Saleh Mamman started his working life in 1981 as a teacher at a technical school in Mubi, Adamawa State, a modest beginning that did not indicate the heights and depths that lay ahead. In 1992, he transferred his service to Taraba State following the state’s creation, joining the Taraba State Ministry of Works where he rose through the civil service ranks to the position of Assistant Director in charge of Electrical Services.
He retired from civil service in 2002 and transitioned into business and politics full-time. His political career included serving as the pioneer State Party Chairman of the Congress for Progressive Change in Taraba State, aligning himself with what would eventually become the APC political machinery that brought President Buhari to power.
In August 2019, President Buhari appointed him as Minister of Power, swearing him in on August 21 of that year. He held the portfolio until September 2021, when he was sacked during a cabinet reshuffle and replaced by Abubakar Aliyu.

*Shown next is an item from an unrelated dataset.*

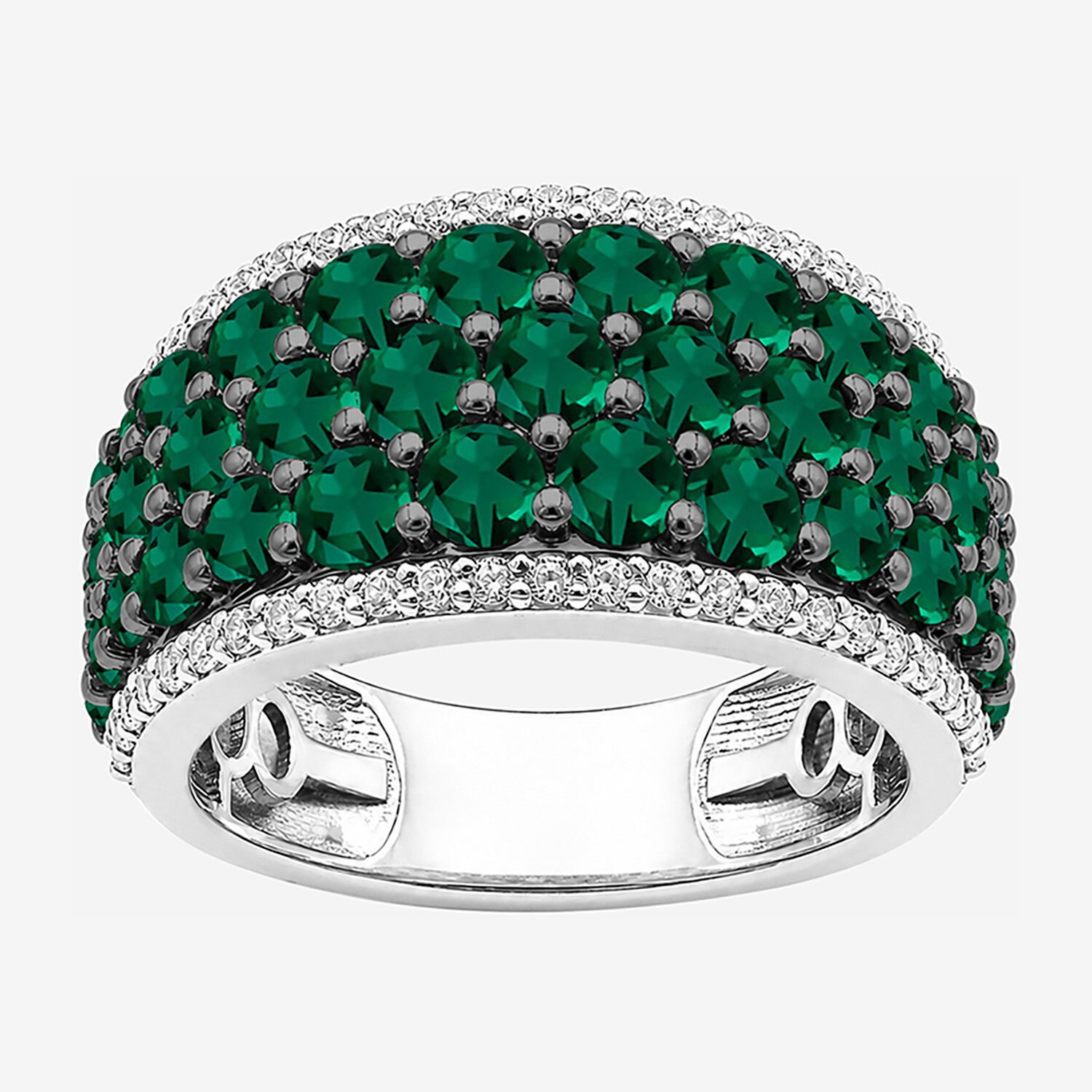 Womens 5MM Simulated Green Emerald Sterling Silver Band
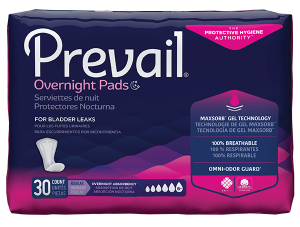 Prevail Overnight Bladder Control Pads | 16" | FQ PVX-120 | 1 Bag of 30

During his tenure, he was responsible for overseeing Nigeria’s most ambitious energy infrastructure investments, including the Mambilla Hydroelectric Power Plant in Taraba State, a proposed 3,050 megawatt facility that would have been Nigeria’s largest electricity generating installation, and the Zungeru Hydroelectric Power Plant. Both projects received enormous federal appropriations. Neither delivered the results Nigerians were waiting for. After leaving office, he reportedly purchased the APC governorship nomination form for Taraba State ahead of the 2027 elections, an ambition that came to a rather dramatic end in a Federal High Court in Abuja on May 13, 2026.
Controversies

Saleh Mamman’s controversies do not exist in the ordinary register of political friction or policy disagreement. They sit at the level of institutional crime, and they have ended with the stiffest corruption sentence ever imposed on a Nigerian government official.

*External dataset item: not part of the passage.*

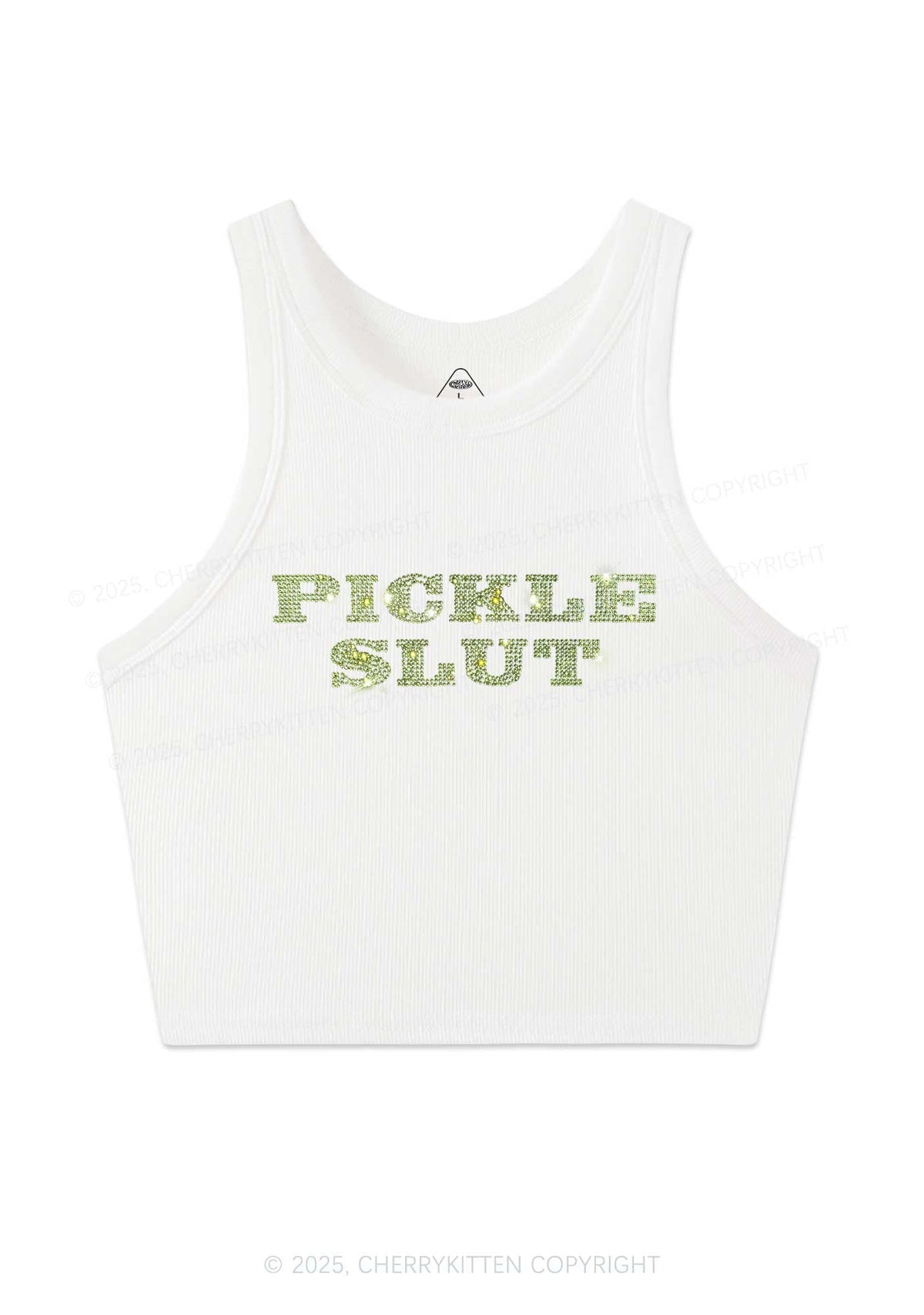 Rhinestone Pickle Slxt Y2K Crop Tank Top Cherrykitten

The EFCC first arrested him on May 10, 2021, the same year he was removed from the cabinet. The charges that eventually crystallised were sweeping. He was arraigned on July 11, 2024, before Justice James Omotosho of the Federal High Court in Abuja, facing a 12-count charge of conspiracy and money laundering involving approximately N33.8 billion in public funds. Prosecutors alleged that he had conspired with senior ministry officials and private entities to systematically divert funds earmarked for the Mambilla and Zungeru hydroelectric projects through shell companies, Bureau de Change operators, and complex financial arrangements. Among the specific allegations was a finding that he paid approximately $655,700 in cash for a property in Abuja without using any financial institution, in direct violation of anti-money laundering laws. The EFCC brought 17 witnesses to the stand and tendered 43 separate exhibits in the course of the trial.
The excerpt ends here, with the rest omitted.